Egyptian judo athlete sent home for refusing to shake Israeli's hand
An Egyptian judo athlete was sent home from the Rio Olympics after refusing to shake the hand of an Israeli player following the end of their bout, the International Olympic Committee (IOC) said on Monday.
Islam el-Shehaby, who was sent home by his own team, lost the fight against Or Sasson on Friday and was reprimanded by the IOC for his actions.
The athlete said he did not want to shake hands with an Israeli, nor was he obliged to do so under judo rules, but the IOC said his behaviour went against the rules and spirit of the Olympic games and the rules of fair play.
“Shaking the hand of your opponent is not an obligation written in the judo rules. It happens between friends and he's not my friend,” Shehaby said after his bout.
“I have no problem with Jewish people or any other religion or different beliefs. But for personal reasons, you can't ask me to shake the hand of anyone from this state, especially in front of the whole world,” he said.
After Sasson defeated Shehaby and the pair retook their places in front of the referee, the Egyptian backed away when Sasson bowed and approached him to shake hands.
When called back by the referee to bow, Shehaby gave a quick nod before walking off amid loud boos from the crowd.
“The president of the National Olympic Committee issued a statement saying they respected all athletes and all nations at the Olympic games,” the IOC said in a statement.
“The DC issued a 'severe reprimand for inappropriate behaviour' to the athlete. It noted ... the shaking of hands after a match is not in the competition rules of the International Judo Federation.”
“As well as a severe reprimand, the DC has asked the Egyptian Olympic Committee to ensure in future that all their athletes receive proper education on the Olympic values before coming to the Olympic games,” the IOC said.
In a statement, the Egyptian Olympic Committee said that "Shehaby was told earlier to maintain good sportmanship throughout the match with the Israeli player".
"This is an international competition after all, and simply a game of judo. What happened after the game and his refusal to shake hands was his personal action."
Shehaby, 32, had reportedly been pressed by fans on social media not to show up for the match with his Israeli opponent, who went on to win bronze in the +100kg category because it would shame Islam.
This is not the first time athletes from Arab nations or Iran have refused to compete with Israeli athletes at the Olympics or other international competitions.
Earlier in the tournament, the Lebanese Olympic team refused to share a bus with its Israeli counterpart.
"Because you do not normalise with apartheid regimes, you boycott them.
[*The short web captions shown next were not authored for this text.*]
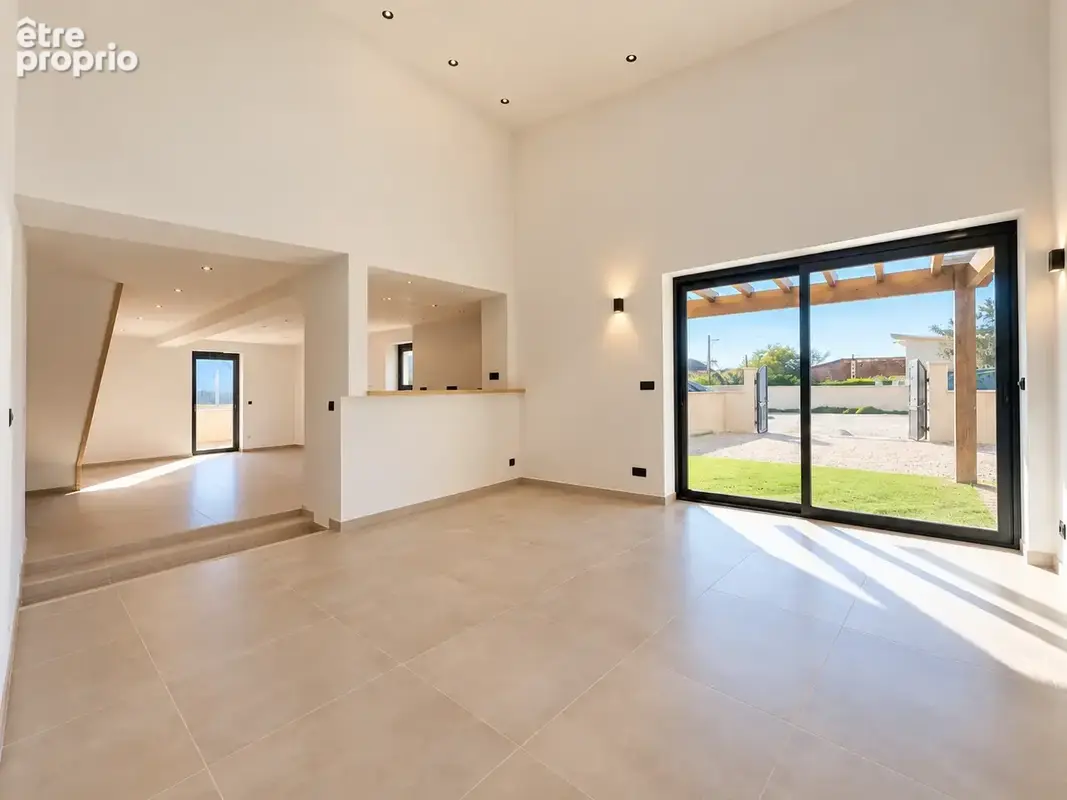 Maison T5 d’environ 145 m2  rénovée avec extérieur et stationnements. Situé à 18 min de Vienne sur la commune - photo 13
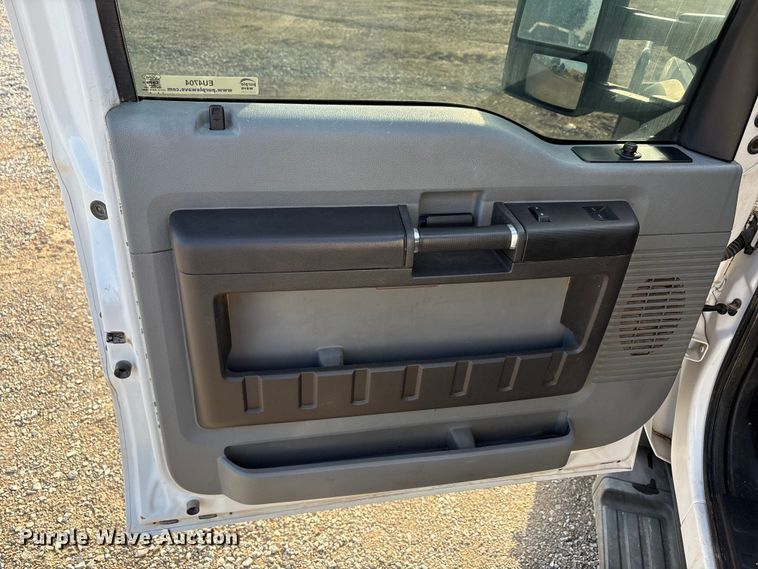 image for item EU4704 2014 Ford F550 Super Duty XL utility / service truck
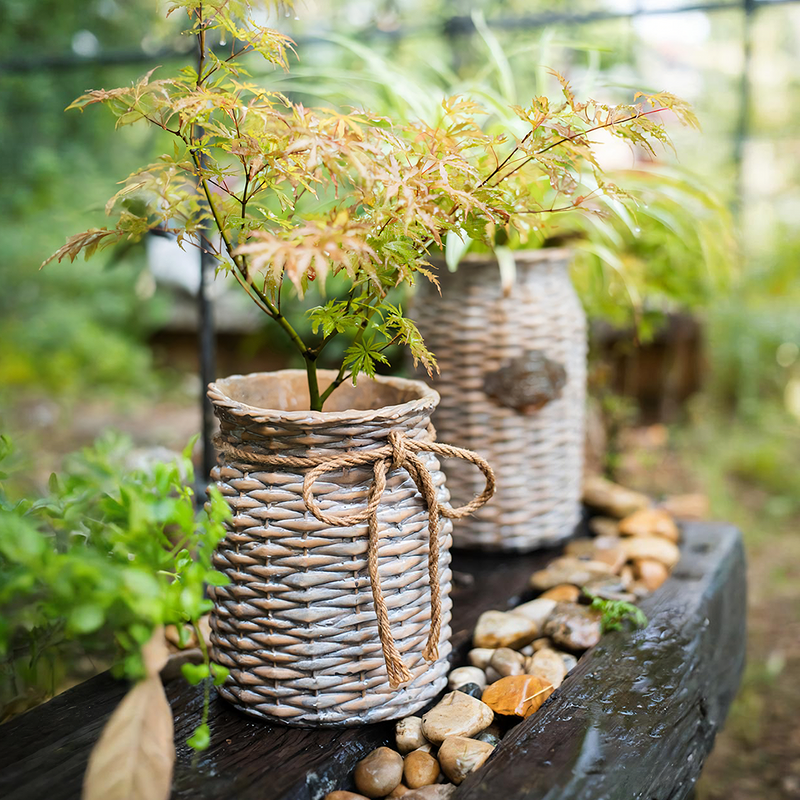 MI37 A Set Of Two Rattan Outdoor Plant Stands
Gold medal for Lebanon. #BDS #BoycottIsrael," Diab Abou Jahjah, the founder of the Arab European League, tweeted on Monday after the bus incident.
Saudi judoka Joud Fahmy reportedly forfeited her first match at the games to avoid facing an Israeli opponent in the next round.
But the Saudi Olympic delegation tweeted that Fahmy had suffered injuries in her hand during training and did not quit for political reasons.
At the 2004 Athens Olympics, then Iranian world champion Arash Mirasmaeili refused to fight Israeli judoka Ehud Vaks, earning praise back home.
Egypt was the first Arab power to make peace with Israel, in 1979, but the treaty remains unpopular among many Egyptians.